Material supplied:
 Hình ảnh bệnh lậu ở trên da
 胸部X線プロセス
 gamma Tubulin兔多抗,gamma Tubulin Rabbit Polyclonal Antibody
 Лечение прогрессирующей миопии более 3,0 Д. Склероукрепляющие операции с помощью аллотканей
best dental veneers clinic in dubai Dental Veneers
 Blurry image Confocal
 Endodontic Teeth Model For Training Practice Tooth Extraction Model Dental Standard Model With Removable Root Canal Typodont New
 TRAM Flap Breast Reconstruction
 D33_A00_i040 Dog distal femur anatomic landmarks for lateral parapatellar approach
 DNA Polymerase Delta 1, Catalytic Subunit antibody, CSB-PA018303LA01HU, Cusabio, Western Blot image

Aim of the exercise: Everything from the line containing "gamma Tubulin兔多抗,gamma Tubulin" to the end of the data above should be quoted exactly, please, both ends included, and nothing outside that span.

Output for this task:
 gamma Tubulin兔多抗,gamma Tubulin Rabbit Polyclonal Antibody
 Лечение прогрессирующей миопии более 3,0 Д. Склероукрепляющие операции с помощью аллотканей
best dental veneers clinic in dubai Dental Veneers
 Blurry image Confocal
 Endodontic Teeth Model For Training Practice Tooth Extraction Model Dental Standard Model With Removable Root Canal Typodont New
 TRAM Flap Breast Reconstruction
 D33_A00_i040 Dog distal femur anatomic landmarks for lateral parapatellar approach
 DNA Polymerase Delta 1, Catalytic Subunit antibody, CSB-PA018303LA01HU, Cusabio, Western Blot image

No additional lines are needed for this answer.